As used herein, singular references (e.g., “a”, “an”, “first”, “second”, etc.) do not exclude a plurality. The term “a” or “an” object, as used herein, refers to one or more of that object. The terms “a” (or “an”), “one or more”, and “at least one” are used interchangeably herein. Furthermore, although individually listed, a plurality of means, elements, or actions may be implemented by, e.g., the same entity or object. Additionally, although individual features may be included in different examples or claims, these may possibly be combined, and the inclusion in different examples or claims does not imply that a combination of features is not feasible and/or advantageous.

As used herein, unless otherwise stated, the term “above” describes the relationship of two parts relative to Earth. A first part is above a second part, if the second part has at least one part between Earth and the first part. Likewise, as used herein, a first part is “below” a second part when the first part is closer to the Earth than the second part. As noted above, a first part can be above or below a second part with one or more of: other parts therebetween, without other parts therebetween, with the first and second parts touching, or without the first and second parts being in direct contact with one another.

As used in this patent, stating that any part (e.g., a layer, film, area, region, or plate) is in any way on (e.g., positioned on, located on, disposed on, or formed on, etc.) another part, indicates that the referenced part is either in contact with the other part, or that the referenced part is above the other part with one or more intermediate part(s) located therebetween.

As used herein, connection references (e.g., attached, coupled, connected, and joined) may include intermediate members between the elements referenced by the connection reference and/or relative movement between those elements unless otherwise indicated.
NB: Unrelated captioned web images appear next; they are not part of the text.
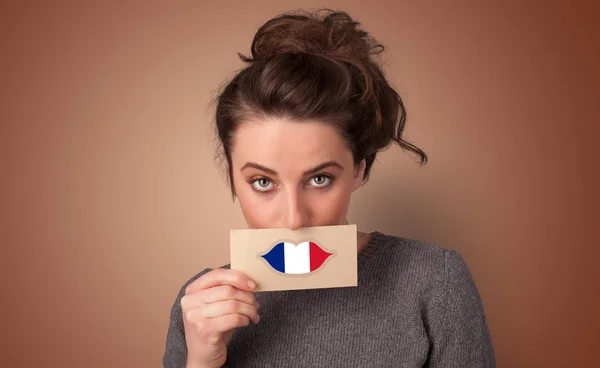 Person holding French flag card — Stock Photo, Image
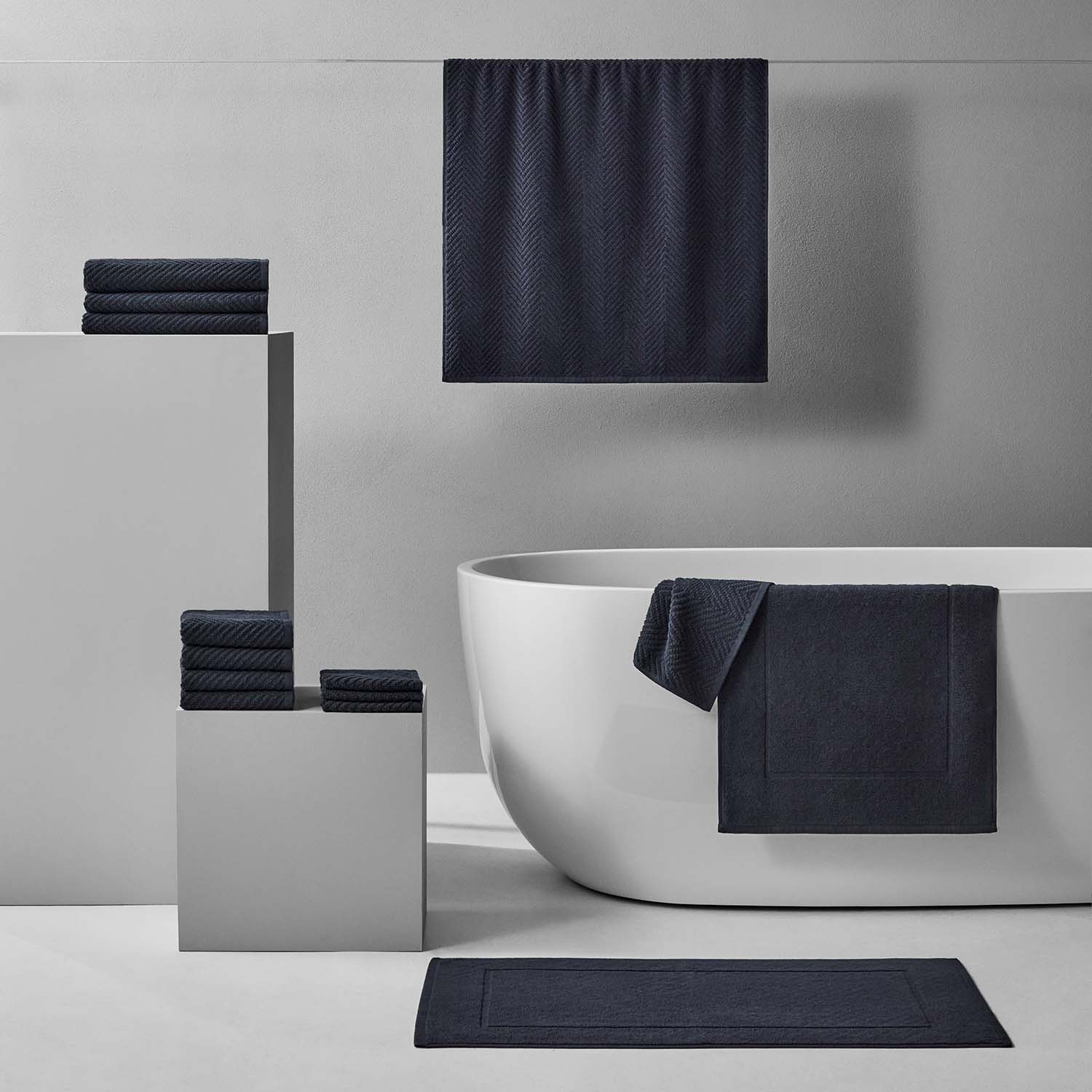 Slate Treatment Bath Bundle featuring dark towels and bath mats in a modern bathroom setting.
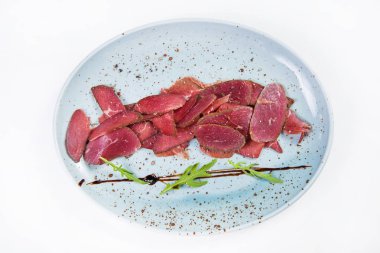 Beyaz arka plan üzerinde izole yeşil roka ile devekuşu basturma taze barışlar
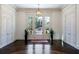 Elegant foyer featuring a herringbone-patterned hardwood floor, white walls, and double-door entry at 4615 Northside Dr, Atlanta, GA 30327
As such, connection references do not necessarily infer that two elements are directly connected and/or in fixed relation to each other. As used herein, stating that any part is in “contact” with another part is defined to mean that there is no intermediate part between the two parts.

Unless specifically stated otherwise, descriptors such as “first,” “second,” “third,” etc., are used herein without imputing or otherwise indicating any meaning of priority, physical order, arrangement in a list, and/or ordering in any way, but are merely used as labels and/or arbitrary names to distinguish elements for ease of understanding the disclosed examples. In some examples, the descriptor “first” may be used to refer to an element in the detailed description, while the same element may be referred to in a claim with a different descriptor such as “second” or “third.” In such instances, it should be understood that such descriptors are used merely for identifying those elements distinctly within the context of the discussion (e.g., within a claim) in which the elements might, for example, otherwise share a same name.
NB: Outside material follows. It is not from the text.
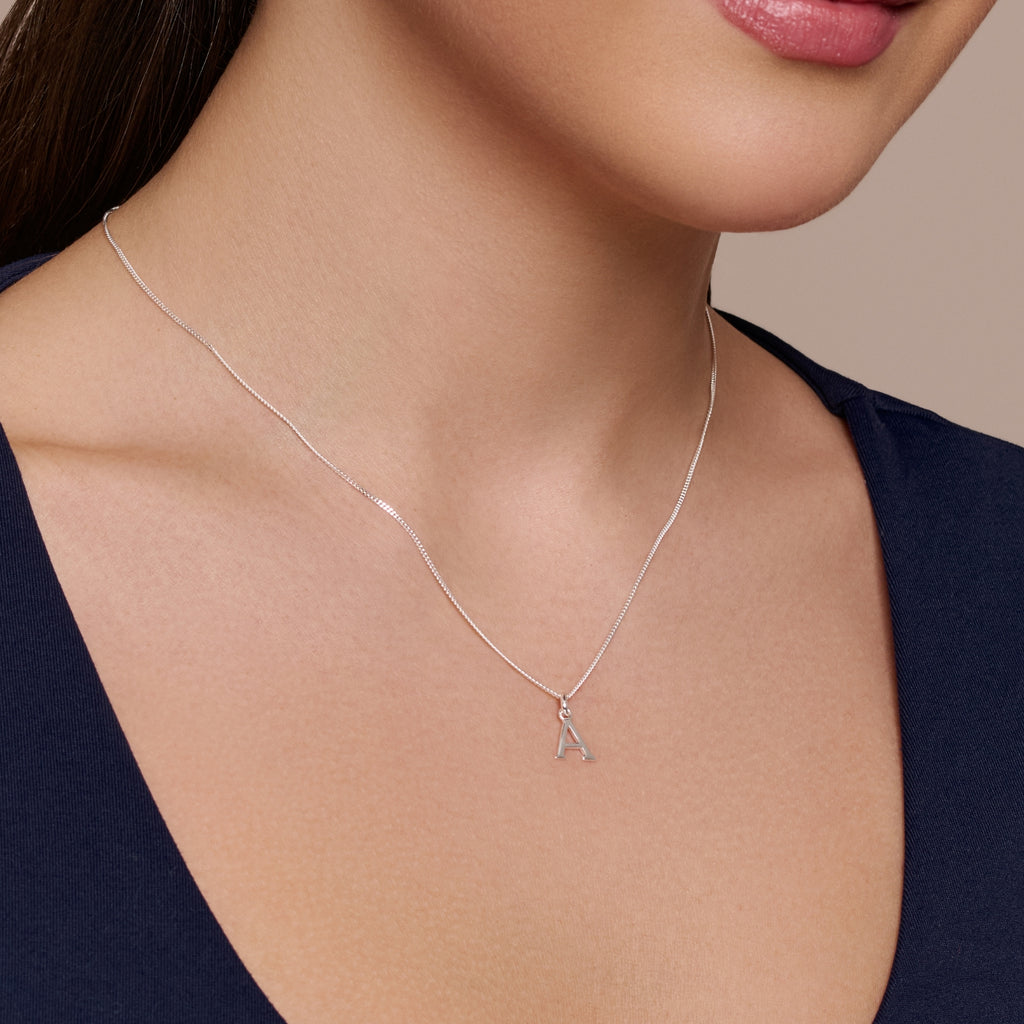 Silver necklace with a letter 'A' pendant on a white background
As used herein, “approximately” and “about” modify their subjects/values to recognize the potential presence of variations that occur in real world applications. For example, “approximately” and “about” may modify dimensions that may not be exact due to manufacturing tolerances and/or other real world imperfections as will be understood by persons of ordinary skill in the art. For example, “approximately” and “about” may indicate such dimensions may be within a tolerance range of +/−10% unless otherwise specified herein.
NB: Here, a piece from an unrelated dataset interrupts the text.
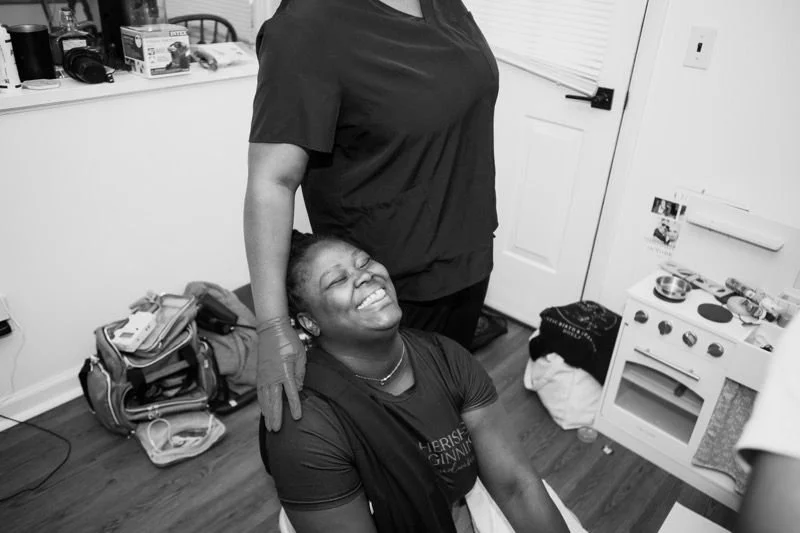 Midwife laughing and smiling.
As used herein “substantially real time” refers to occurrence in a near instantaneous manner recognizing there may be real world delays for computing time, transmission, etc. Thus, unless otherwise specified, “substantially real time” refers to real time +/−1 second.

As used herein, the phrase “in communication,” including variations thereof, encompasses direct communication and/or indirect communication through one or more intermediary components, and does not require direct physical (e.g., wired) communication and/or constant communication, but rather additionally includes selective communication at periodic intervals, scheduled intervals, aperiodic intervals, and/or one-time events.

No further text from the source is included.